Afghan central bank assets in the United States were frozen by President Biden following the Taliban’s takeover of the government in August 2021. As discussed on Lawfare and the Transnational Litigation Blog, half of those assets have been transferred to the “Afghan Fund” in Switzerland to be used for the benefit of the Afghan people as well as to keep them out of the control of the Taliban (which the United States does not recognize as the government of Afghanistan). 

This article focuses on the other half—the approximately $3.5 billion in Da Afghanistan Bank (DAB) assets that U.S. victims of terrorist attacks seek to satisfy judgments that they hold, not against Afghanistan, but against the Taliban. The case is currently pending in the Southern District of New York. For reasons described in part by the U.S. government, Magistrate Judge Sarah Netburn, amici briefs, and myself, the statutory argument advanced by the judgment creditors is not convincing. 

The relief sought by the judgment creditors would violate international law and harm U.S. foreign policy objectives related to the immunity of central bank assets. So far, these issues have been mentioned only in passing. They merit greater attention, and they provide powerful reasons to deny U.S. plaintiffs compensation from the assets of the Afghan central bank without clearer direction from the U.S. government.

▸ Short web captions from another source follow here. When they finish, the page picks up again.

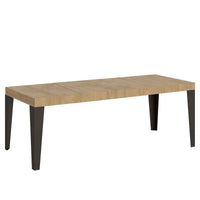 Tavolo allungabile 90x160/264 cm Flaris Premium Quercia Natura telaio Antracite
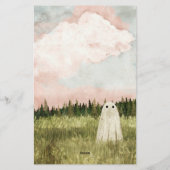 Cotton Candy Skies - Cute Ghost Lined Briefpapier (Rückseite)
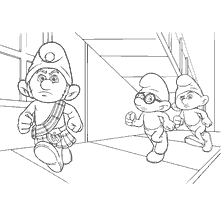 pagina da colorare: Smurfs camminare lungo la strada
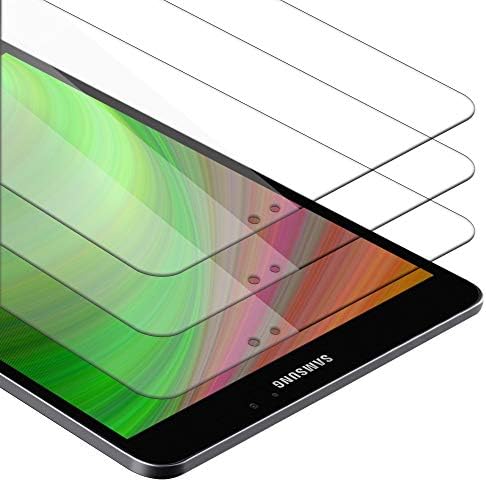 Cadorabo 3x זכוכית מחוסמת תואמת עם Samsung Galaxy Tab S2 SM -T715N /T719N בשקיפות גבוהה - הגנה על מסך 3 אריזות תואם מגע תואר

Judgments Against the Taliban

Four sets of creditors are seeking to enforce judgments against the Taliban. Three hold judgments in cases arising out of the Sept. 11, 2001, attacks: Havlish et al. v. Bin Laden, Smith v. Islamic Emirate of Afghanistan, and the Federal Insurance Co. et. al. v. Al Qaida, et al. The fourth group, John Does 1 Through 7 v. Taliban et al., sued for injuries they sustained in a terrorist attack in Afghanistan in 2016.

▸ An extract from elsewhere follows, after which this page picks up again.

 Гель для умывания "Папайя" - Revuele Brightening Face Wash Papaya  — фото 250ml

Before turning to the enforcement actions and central bank immunity, it is worth considering the underlying judgments themselves. Those judgments are not against Afghanistan nor against its central bank. Instead, they are judgments against the Taliban as an entity distinct from Afghanistan. The underlying actions—all of them resulting in default judgments—were thus not brought against a government or one of its agencies or instrumentalities, and the courts that issued the judgments did not consider foreign sovereign immunity with respect to claims against the Taliban. 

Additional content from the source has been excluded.